AIM OF THE TASK: Return the whole listing unchanged. Drop the images.
________________________
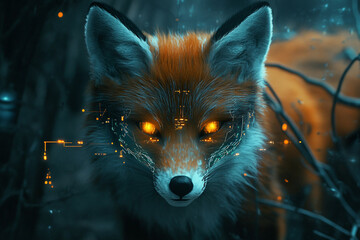 Fototapeta premium Futuristic Cybernetic Animal with Glowing Eyes and Metallic Fur in a Mysterious Forest – Generative AI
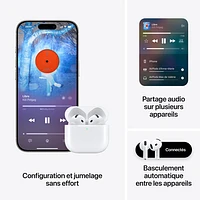 Écouteurs boutons 100 % sans fil AirPods 4 d'Apple avec étui de chargement USB-C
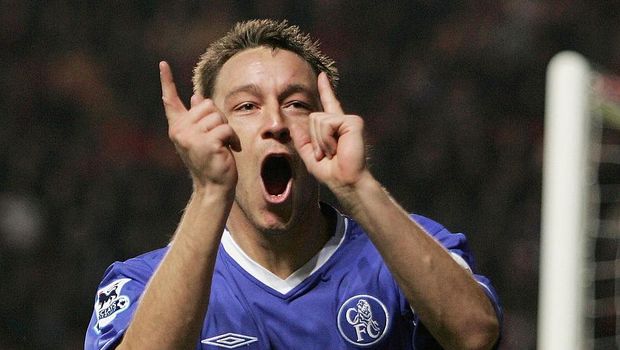 John Terry, 2014 LONDON - NOVEMBER 27: John Terry of Chelsea celebrates scoring his 1st goal during the Barclays Premiership match between Charlton Athletic and Chelsea, held at The Valley Stadium on November 27, 2004 in London, England. (Photo by Richard Heathcote/Getty Images)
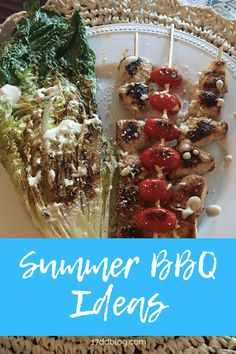 grilled lettuce and tomatoes on skewers with text overlay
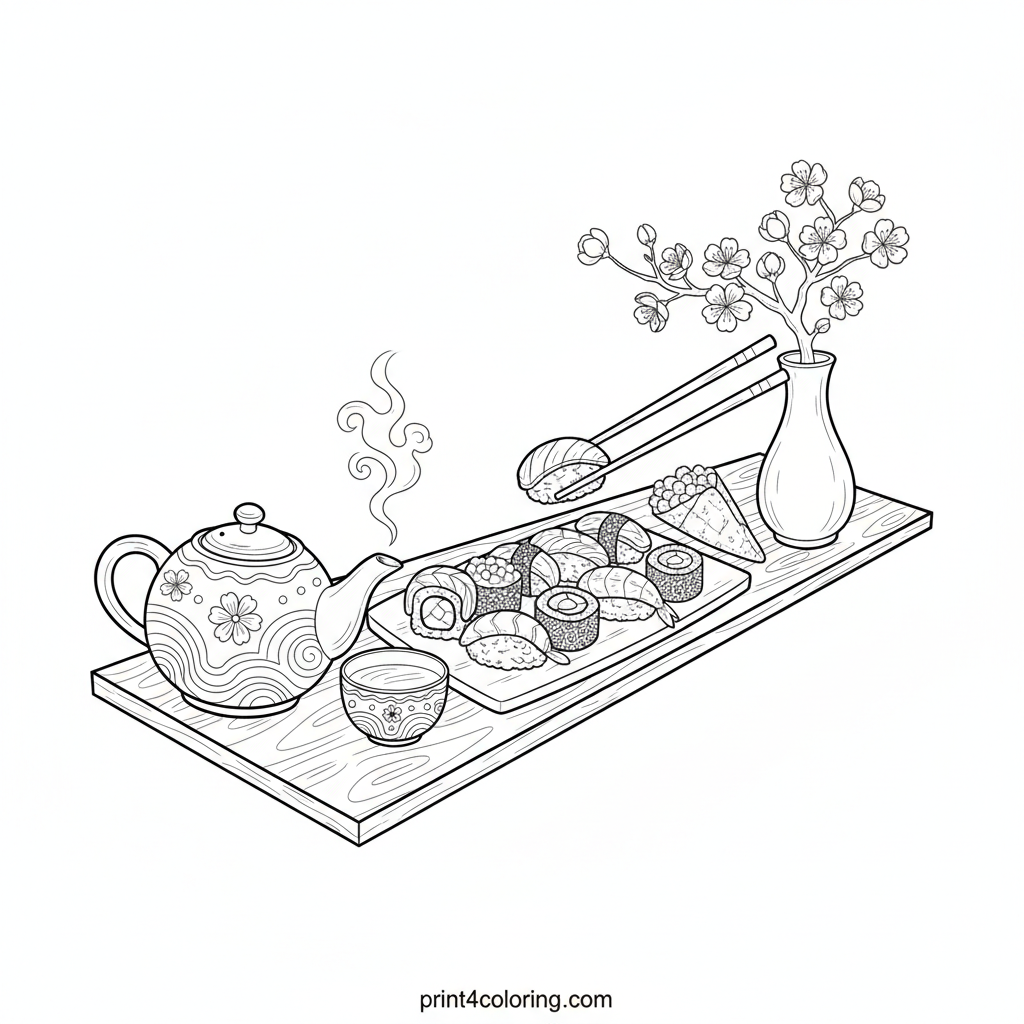 Elegant Japanese Tea & Sushi Table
________________________
OUTPUT BELOW:
 Fototapeta premium Futuristic Cybernetic Animal with Glowing Eyes and Metallic Fur in a Mysterious Forest – Generative AI
 Écouteurs boutons 100 % sans fil AirPods 4 d'Apple avec étui de chargement USB-C
 John Terry, 2014 LONDON - NOVEMBER 27: John Terry of Chelsea celebrates scoring his 1st goal during the Barclays Premiership match between Charlton Athletic and Chelsea, held at The Valley Stadium on November 27, 2004 in London, England. (Photo by Richard Heathcote/Getty Images)
 grilled lettuce and tomatoes on skewers with text overlay
 Elegant Japanese Tea & Sushi Table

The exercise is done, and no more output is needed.